したがって、相続が起こってから遺留分放棄をして欲しいというのは制度的に無理があります。
遺留分侵害額請求権を行使しないで欲しいと頼むことはできますし、そうこうしているうちにそもそも遺留分侵害額請求権が消滅すると言うことはあり得ます。
遺留分放棄が難しい理由・手続きの方法
遺留分放棄が難しい理由は、本人が希望していたとしても家庭裁判所の許可を得なければ放棄できないということと、放棄する時期が被相続人となる人が生きている間に限られていることの2点です。
被相続人となる人が生きている間に、相続人となる予定の人に遺留分の放棄をするように交渉するというのは、なかなかできないものではないでしょうか。
また遺留分の問題が実感としてわかるのは、やはり相続が始まった後のことです。
相続が始まってから始めて、遺留分という制度を知ったり、遺留分を放棄してもらいたいと思うこともあるでしょう。
現実は、遺留分は被相続人が生きているうちではないと放棄できません。
死後に遺留分を放棄する制度はありませんが、先ほど解説したように時効により消滅するのを待つことはできます。
それでも、相続の開始があったことを知ってから1年は最低限消滅しないわけですから、時間がかかります。

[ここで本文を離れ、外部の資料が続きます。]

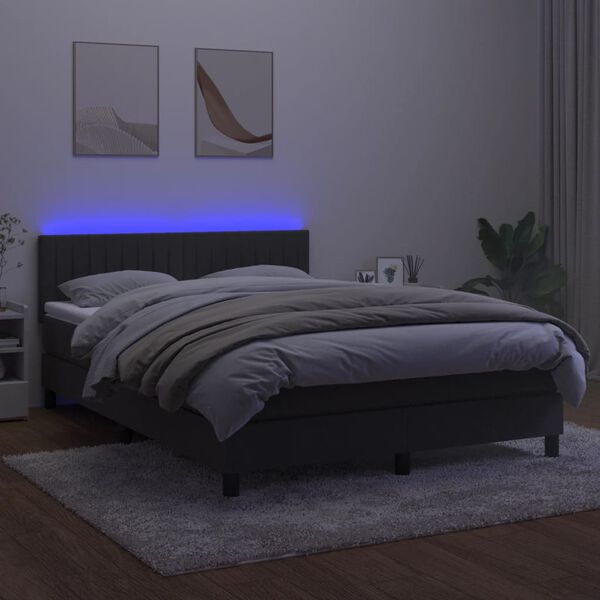 vidaXL Boxspringbett mit Matratze & LED Dunkelgrau 140x200 cm Samt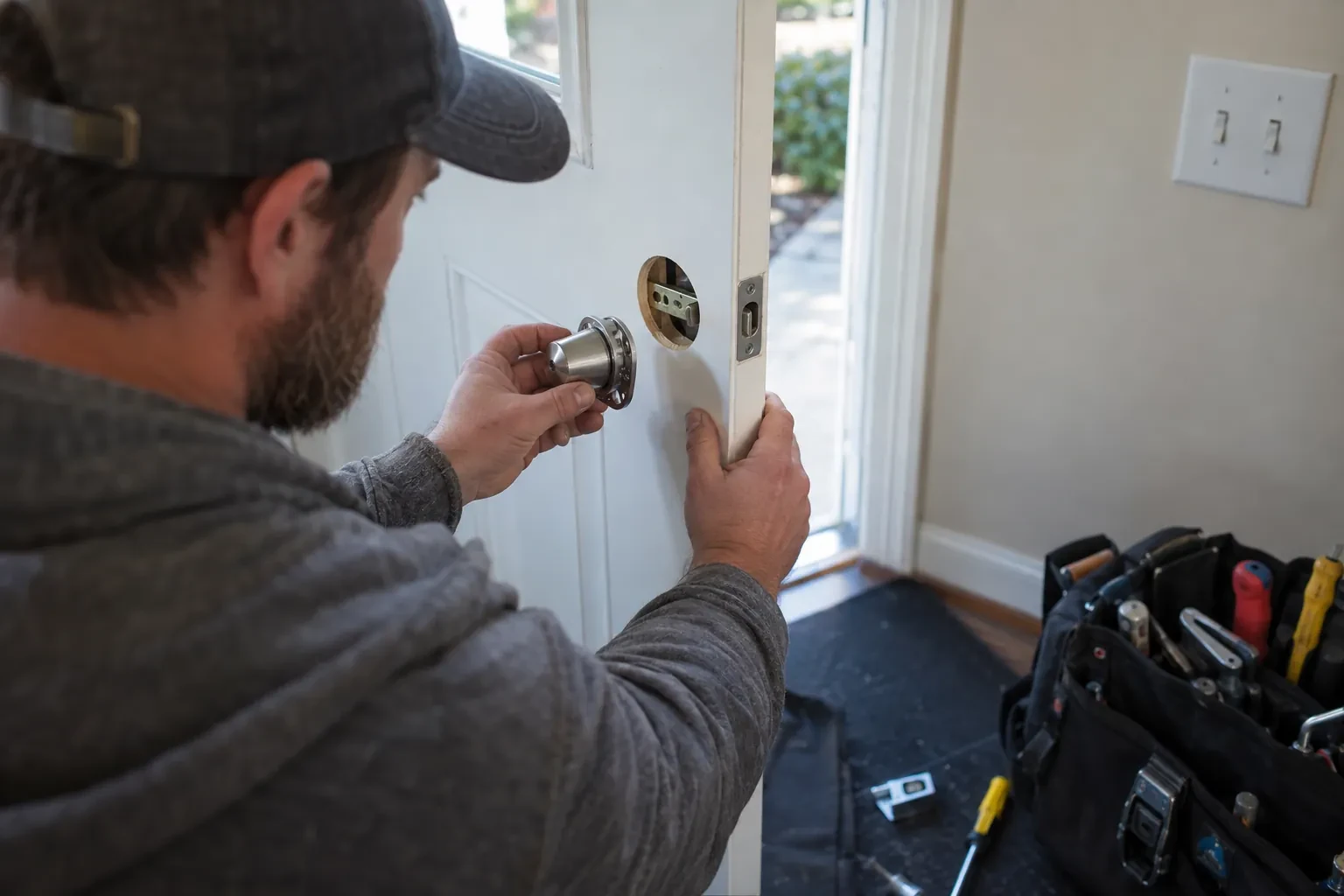 Technician holding a steel deadbolt to the round bore in a white door, with an open tool bag on a dark mat.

もっと言えば、本人が「自分は遺留分を請求しない」「遺留分を放棄する」と言うことは可能です。
これには特に家庭裁判所の許可は不要です。
ただ、この記事を読んでいる方の中には、なかなか本人から遺留分を放棄するという一言をもらえない方も多いのではないかと思われます。
時効による消滅を待っていると、相続税申告などの期限に間に合わなくなるかもしれません。
それは、どうしたらよいのでしょうか。
遺言書の遺留分放棄への効力
遺言書で、遺留分放棄をするように書かれていた場合はどうなるでしょうか。
その場合でも本人の自由意志の方が優先されます。
遺言書で遺留分放棄をするようにと書かれていても、それを無視して遺留分を請求することは可能です。
ただし、どのような理由で、遺留分請求が起こるかもしれない遺産の分け方をしたのかをきちんと書き表してあれば、遺留分請求をしにくくなることは事実です。
もし調停や裁判に持ち込まれたとしても、裁判官の印象として「ここまで説明してあるのに、それでも遺留分侵害額請求をするのだな」と思うことはあるでしょう。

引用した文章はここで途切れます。